I want to get something working ASAP. The sync algorithm is difficult and too large to hold in my head at one time. I want to make sure all of my theory is correct. This is the push for fast.
Many of the decisions I’m making now will hurt me later on. I’m already hitting a lot of points where the existing sync algorithms just won’t work when you’re feeding in live and/or disconnected updates. And that’s before I even consider multi-way syncing (e.g. laptop/desktop/server/work computer). And so, I have a big urge to do things right.
Psychologically, doing things right is not going to work for me. I don’t work like that. I need results now and I need to think yeah, that’s cool.
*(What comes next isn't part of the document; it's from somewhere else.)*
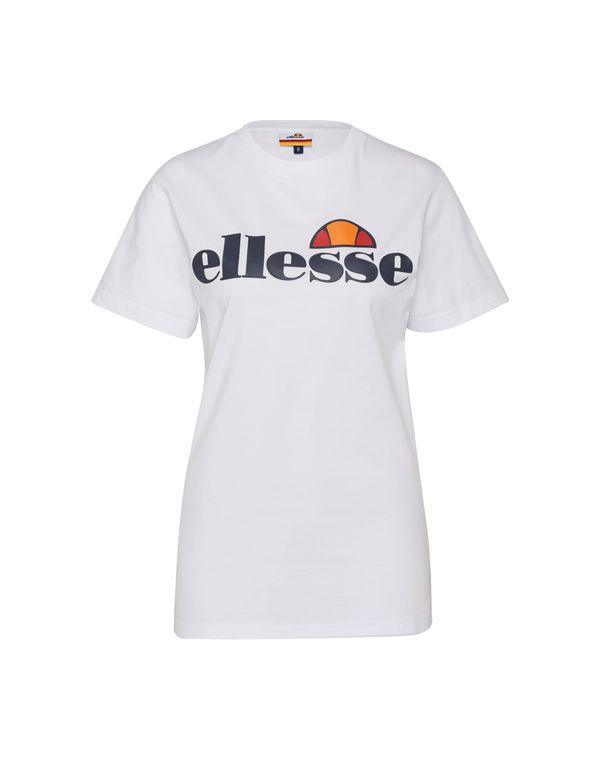 ELLESSE ELLESSE Majica 'Albany'  oranžna / rdeča / črna / bela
I don’t do well slogging away on something for long periods, especially with the technical risks that exist at the moment in this project.
I’m very much a cowboy coder: I’ll slap something together fast, and it’ll do the job, but it won’t be pretty. I get the biggest rush when something does its job for the first time. There’s a little bit that comes from incrementally adding functionality or fixing bugs - I also have a strong perfectionist streak. But I find some tasks extremely tedious - GUI programming (it’s been done a thousand times, and it’s so hard to get right) and web programming come to mind. They seem pointless - they’ve been done before, they’re uninteresting, there’s no rush that comes from seeing them come alive for the first time. They’re analogous to just drawing things on paper, and doing so on a computer is painful. I’d rather just draw them on paper.
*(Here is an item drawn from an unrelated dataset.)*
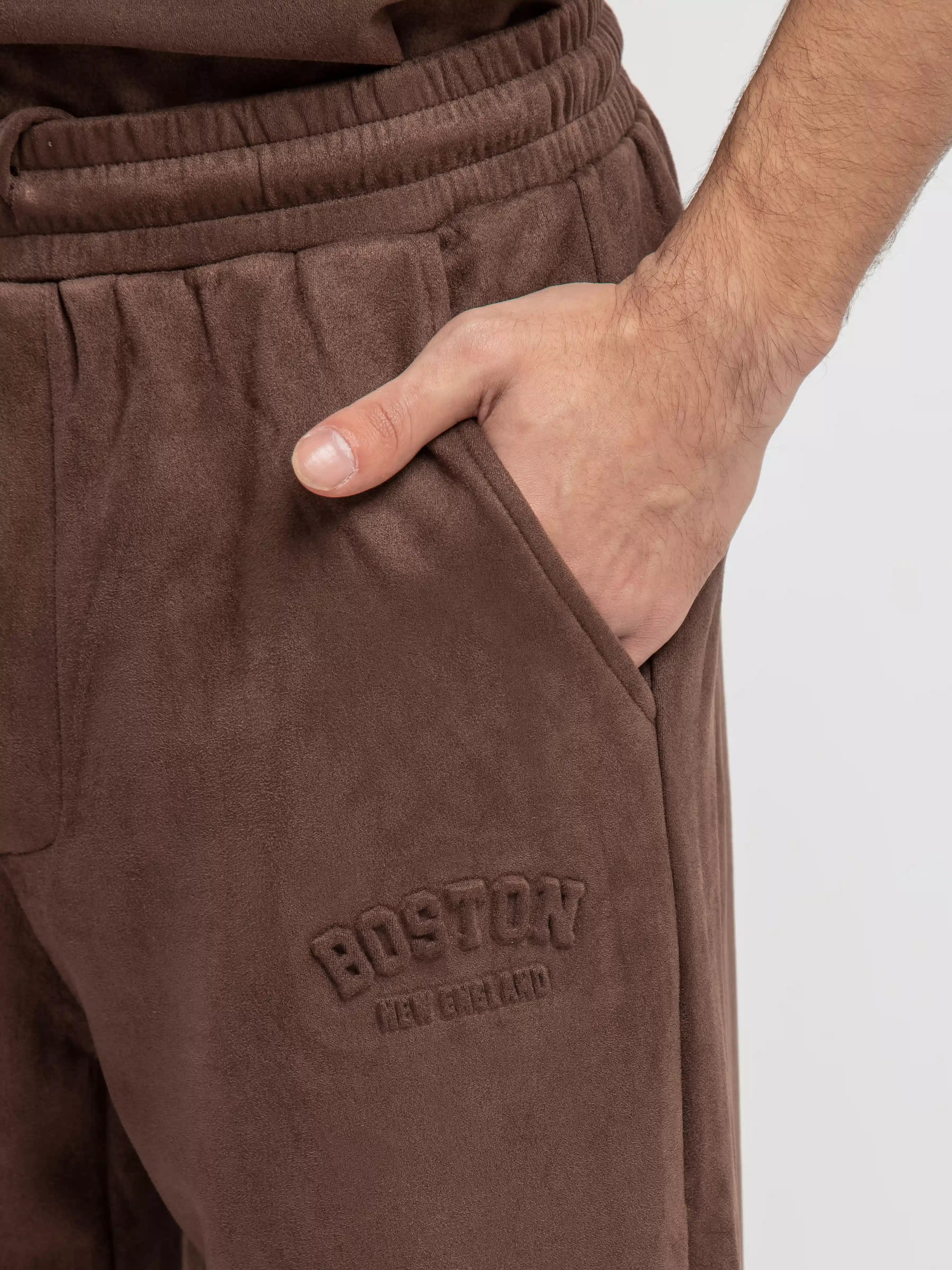 Suede Co-ord Set Trousers - FMBCS5-085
I will tend to build up a lot of technical debt. This is why I like working for startups: they need stuff fast more urgently than they need it right. Assuming the startup survives long enough it will need stuff done right, but by that time they’ve usually hired other programmers that can do that instead of me. Usually my startup clients haven’t even known what they want to build in the beginning, so coming up with a perfect all-encompassing design and full test suites is pointless. It’ll probably just get thrown away.
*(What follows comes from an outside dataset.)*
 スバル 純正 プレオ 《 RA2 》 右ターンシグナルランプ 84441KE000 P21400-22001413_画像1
It’s the same situation for my MicroISV. I will need stuff done right - eventually. But my top priority is to get enough income coming in, and that means getting a product out the door ASAP. And because I don’t yet know how this particular product is going to work - I don’t completely understand the problem - there’s an even greater incentive to ignore all of these scary problems that I can see looming (performance, cross-platform compatibility, correctness under wierd conditions). I’ll just push on and get something working well enough.
Concrete examples
I’m using an SQLite database to store file metadata. I’m a big fan of SQLite - it’s just so easy to use and implement. But it’s very complicated for what I want, which is essentially a tree of modtimes using filenames as a primary key. Oh, and with another dimension covering the ‘other machines’ data. Ordered by a journal id. Handling a million records. I don’t know of any relational database that is going to give acceptable performance under these conditions. It’s not an easy data structure to design in C, either, but I’m sure I can beat SQLite’s performance.
Thing is, there’s no need to right now. I have some horrible table joins and ORDER BY clauses, but they do the job. I haven’t run into performance problems yet, probably because:
- I’m not doing live updates. I’m working under Unison conditions, which is ’scan for changes at the same time on both sides and sync immediately’. This simplifies things tremendously.
- I’m not using large datasets. I have a few test directories with half a dozen files in each. Eventually, I want to be able to handle up to a million files (I have a Linux kernel tree and a Buildroot in my syncable data, for example).
I’m implementing this in Python right now. Python lets me crank out ideas fairly quickly. Eventually, I expect I’ll have to move to C for performance reasons. The amount of work that the Python implementation does every time it touches a file is enormous - it has to create an object which contains an object for each sync peer, as well as a database query or two. There’s just no need to optimize yet. Premature optimization is the root of all evil, and all that.